E’ del resto significativo che la stessa, citata decisione delle Sezioni Unite attribuisca al curatore, nell’espletamento dei suoi compiti di amministrazione del patrimonio fallimentare, la legittimazione a proporre istanze di revoca e di riesame del provvedimento di sequestro preventivo e di ricorrere per cassazione avverso le eventuali ordinanze reiettive; e ciò proprio in considerazione della funzione istituzionale di tate soggetto, volta alla ricostruzione dell’attivo.
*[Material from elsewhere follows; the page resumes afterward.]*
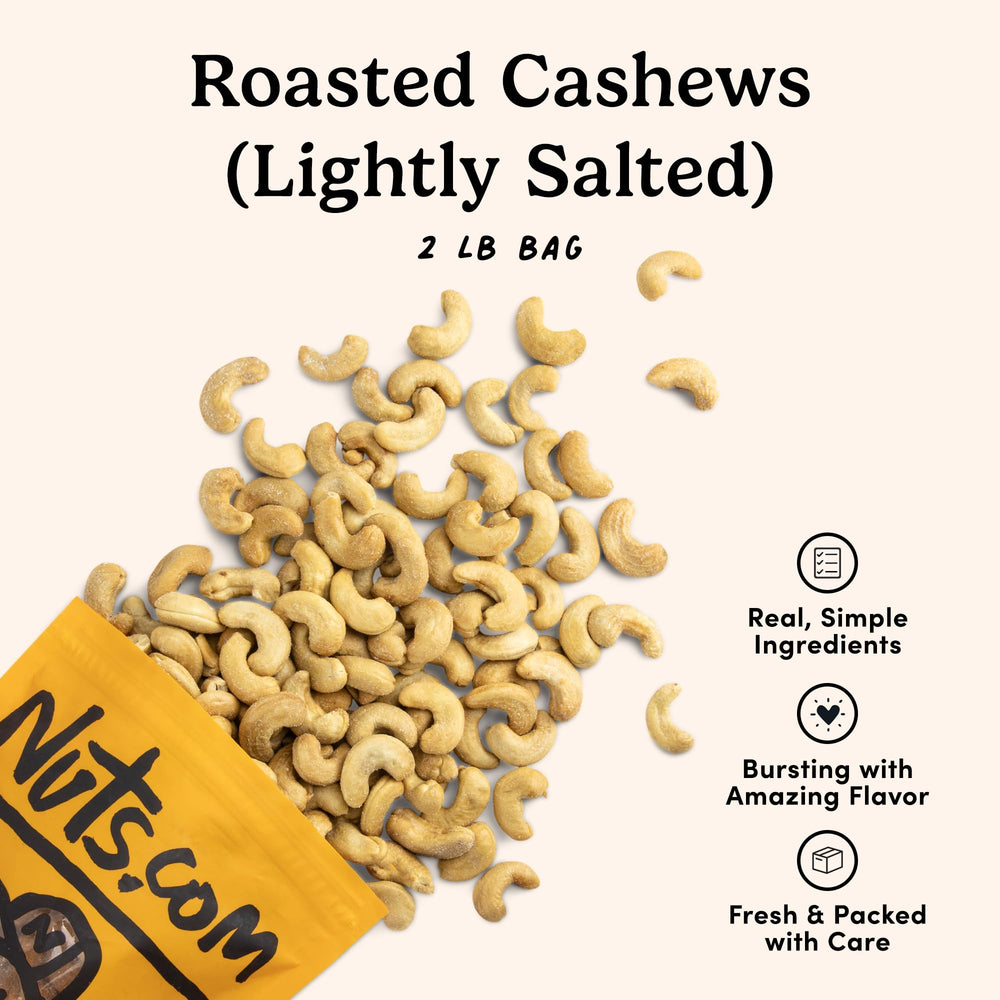 Nuts.com close-up of cashew texture highlighting creamy, buttery bite and fresh roast flavor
Al curatore vengono in tal modo riconosciute facoltà di agire giudizialmente in una posizione che non si identifica con quella del fallito né alla stessa è in alcun modo assimilabile; essendo invece l’esercizio di tali facoltà diretto alla reintegrazione dell’attivo in funzione dei diritti dei creditori, al soddisfacimento delle pretese dei quali detto attivo è destinato, e che sono sicuramente terzi rispetto alle vicende personali del fallito.
Questa condizione di terzo non può che trasferirsi sulla figura del curatore, che agisce in rappresentanza dei diritti dei creditori. E questo è peraltro il costante orientamento della giurisprudenza civilistica, che qualifica il curatore come terzo in quanto per l’appunto soggetto agente nell’Interesse della massa creditoria (Cass. civ. Sez. 1, n. 1110 del 30/01/1995, Rv. 490141; Sez. 1, n. 1370 dell’08/02/2000, Rv. 533585).
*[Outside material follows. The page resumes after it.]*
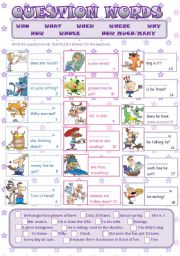 English Worksheet: Question Words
Non è d’altra parte possibile ignorare che, ove al curatore non fosse riconosciuta la possibilità di intervenire giudizialmente, nella procedura relativa alla confisca dei beni, a sostegno dei diritti vantati dai creditori sull’attivo fallimentare, gli stessi sarebbero irragionevolmente esclusi dalia tutela accordata in generale dal citato art. 19 ai diritti acquisiti dai terzi in buona fede, con evidenti implicazioni in termini di contrasto con i principi costituzionali.
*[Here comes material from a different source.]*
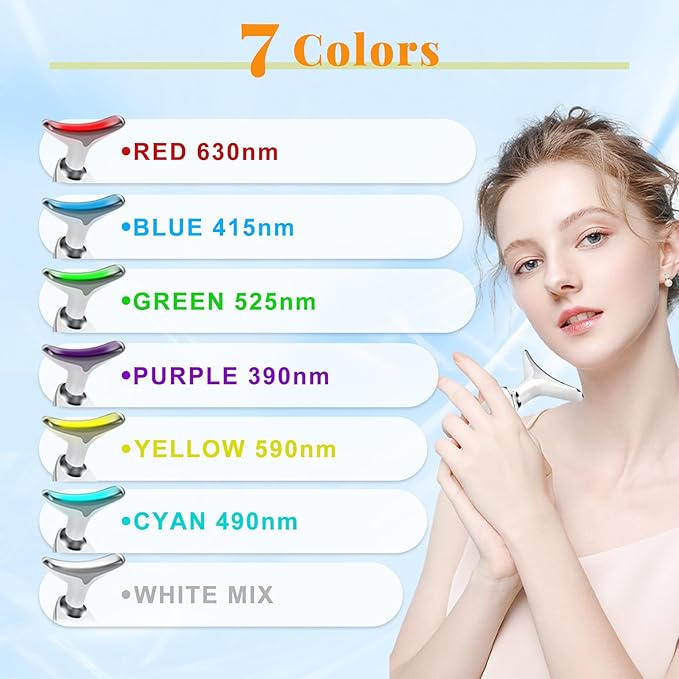 Neck Face Massager, 7 Color Face Neck Massager for Skin Care Routine at Home, Facial Massager with Non-Slip Design, White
Da ultimo, la stessa confiscabilità del profitto del reato incontra, nella previsione dell’art. 19, il limite costituito dalla possibilità di restituire al soggetto danneggiato parte del profitto stesso, pertanto non assoggettabile alla confisca. Ove la figura del danneggiato coincida con quella di taluno dei creditori, la tutela delle ragioni dello stesso, per quanto detto riconosciuta espressamente dalla norma, non potrebbe trovare concreta attuazione se non in quanto attribuita al curatore, al quale è attribuita in via esclusiva la rappresentanza delle pretese creditorie.
Il curatore ricorrente, contrariamente a quanto sostenuto nel provvedimento impugnato, deve in conclusione essere ritenuto rappresentante di interessi qualificabili come diritti di terzi in buona fede sui beni oggetto di confisca; la posizione dei quali deve pertanto essere valutata dal giudice, secondo i principi richiamati al punto precedente, nella prospettiva della prevalenza o meno, rispetto agli stessi, delle esigenze cautelari sottese alla confisca. Il provvedimento deve pertanto essere annullato con rinvio al Tribunale di Bari per un nuovo esame che comprenda tale valutazione.
P.Q.M.
Annulla l’ordinanza impugnata con rinvio per nuovo esame al Tribunale di Bari.